Friday, July 2, 2010

Search for Franklin's lost ships to resume

Search for Franklin's lost ships to resume

Canadian officials will return to the Northwest Passage this summer in search of Sir John Franklin's long-lost ships, after efforts were postponed last year.

Federal searchers say they will take sonar equipment to the waters southwest of King William Island, in the Northwest Passage, in the hopes of finding the ships underwater.

Parks Canada began a three-year effort in 2008 to find the famed British explorer's ships, HMS Erebus and HMS Terror, which went missing more than 160 years ago in the High Arctic.

The government-sponsored search was postponed last summer because Parks Canada could not get on a military or Canadian Coast Guard icebreaker.

This time, federal searchers say, they will be on board the coast guard icebreaker Sir Wilfrid Laurier for three weeks in August.
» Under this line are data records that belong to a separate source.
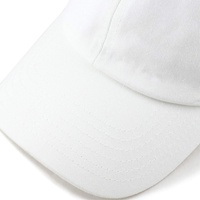 Gorra de Béisbol Deportiva de 6 Paneles con Parche de Bordado de Animales Personalizado, Ajustable, para Hombre y Mujer, de Algodón, Estilo Hip Hop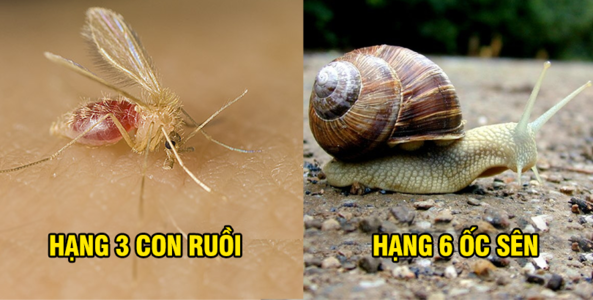 Kinh sợ trước những sinh vật nguy hiểm chết người nhất thế giới: bất ngờ khi chó đứng thứ 4!
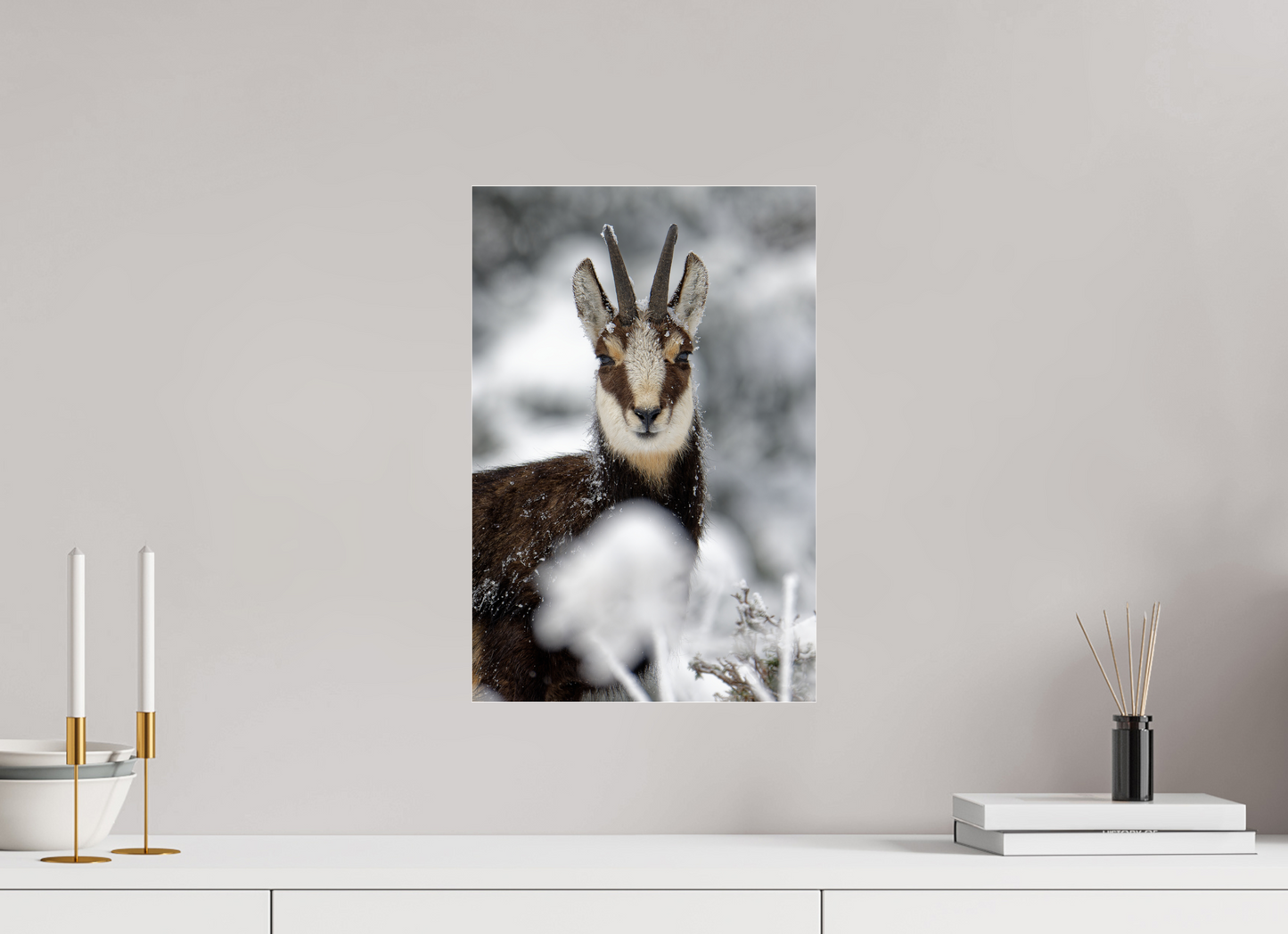 Chamois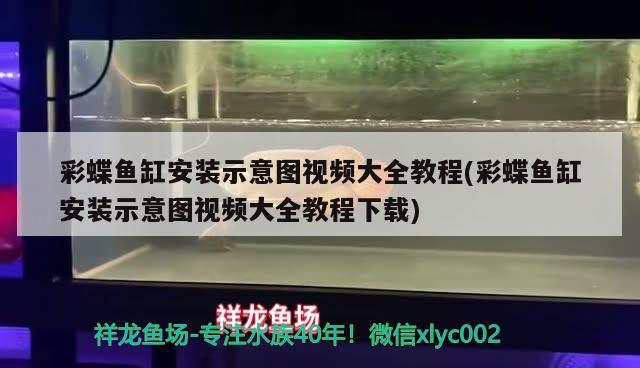 彩蝶鱼缸安装示意图视频大全教程(彩蝶鱼缸安装示意图视频大全教程下载) 观赏鱼市场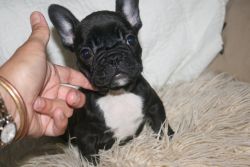 Amazing French Bulldog pups for sale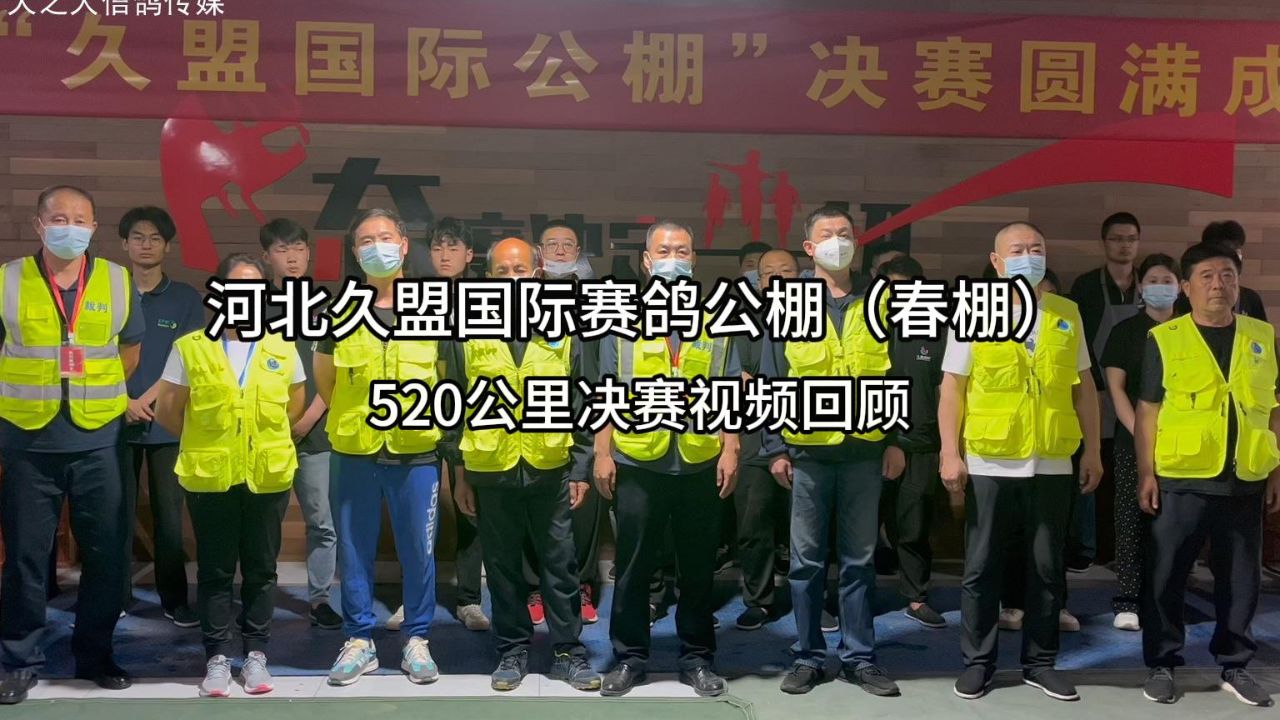 河北久盟赛鸽公棚春棚520公里决赛视频回顾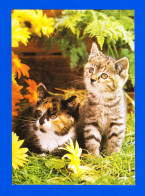 Animaux-16P 2 Chatons Dans L'herbe, Fleurs, BE - Chats
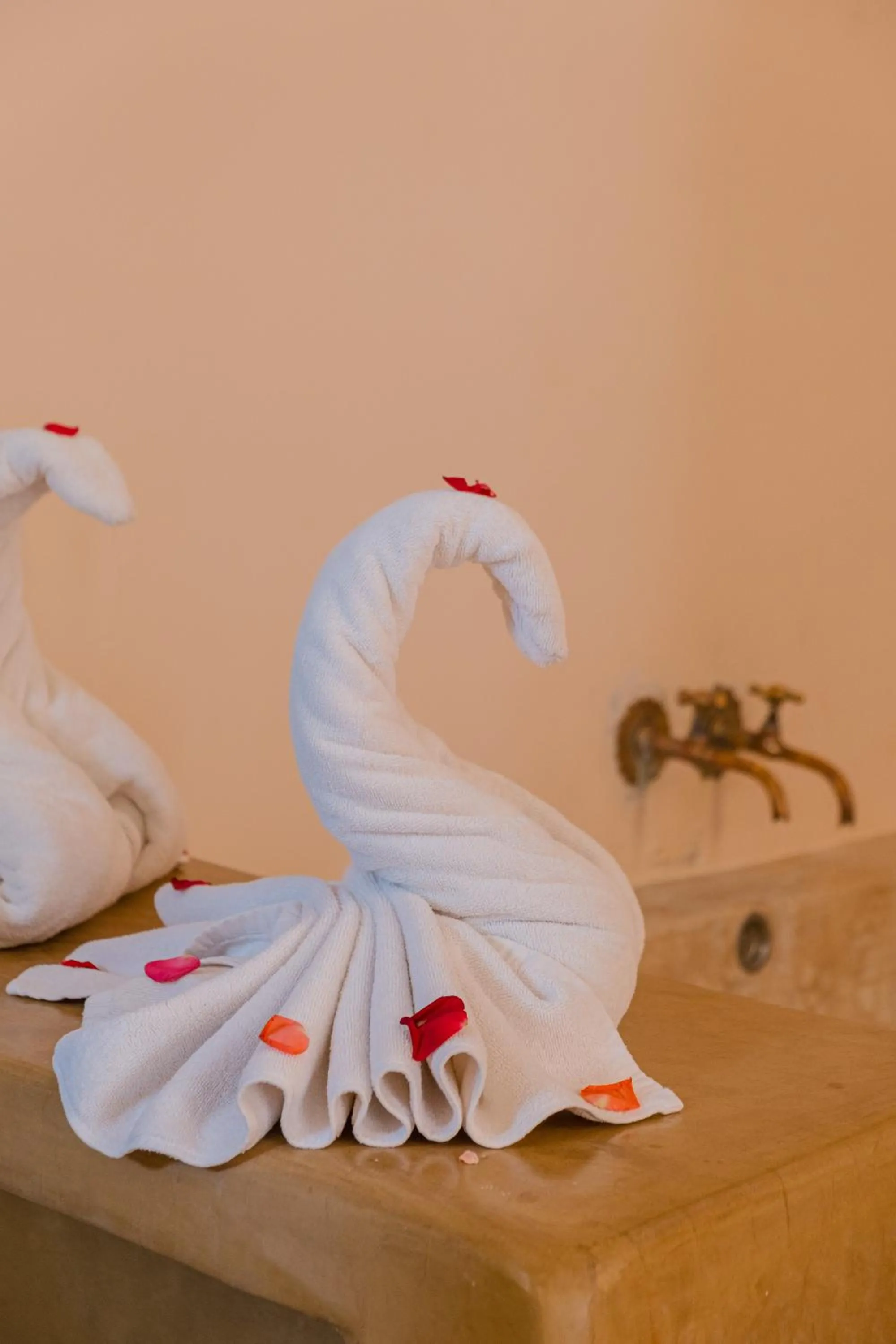 Dar 55 - Berber House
The icebreaker will deploy two smaller vessels that will carry sonar equipment on board.

"There's little doubt that Franklin's lost ships are probably the most sought-after shipwrecks in Canada," Ryan Harris, a senior marine archeologist with Parks Canada, told CBC News on Monday.

Ships may be intact
Historians have been fascinated with Franklin's doomed 1845 journey to the Northwest Passage, but previous search expeditions have not found the Erebus and Terror.

Inuit historian Louis Kamookak speaks at a 2008 announcement unveiling the federal government's three-year search effort for the Erebus and Terror. (CBC)
The Parks Canada search team will focus this summer on the waters southwest of King William Island in the Queen Maud Gulf, where Inuit oral history suggests the ships may have sunk intact.

"One of the ships drifted to the west and was crushed in ice," said Inuit historian Louis Kamookak of Gjoa Haven, Nunavut, who has been working with the federal team.

"The other ship managed to go down the channel towards the southwest of King William Island into the safer waters, where there's less current and the ice movement is a lot calmer in the area in the summer," he added.

The federal searches were in the same area for six weeks in 2008, primarily mapping out the ocean floor. Harris said that this year searchers will use the sonar instruments to search for the wrecks.

Ships, crew disappeared
In 1845, Franklin had set out from England aboard the vessels, in hopes of exploring and mapping the Northwest Passage. Neither he nor any of his 128 crewmen ever returned.

By 1848, two ships and an overland party were searching for traces of the ships and crew.

A total of eight expeditions were launched in the 12 years following Franklin's disappearance, funded by a range of financial backers, from the British Navy to the Hudson's Bay Company to Franklin's wife.

Only traces of the expedition have ever been found.

"It's a very exciting story — Victorian, Gothic, a horror story that essentially unfolded across the Arctic expanse," Harris said.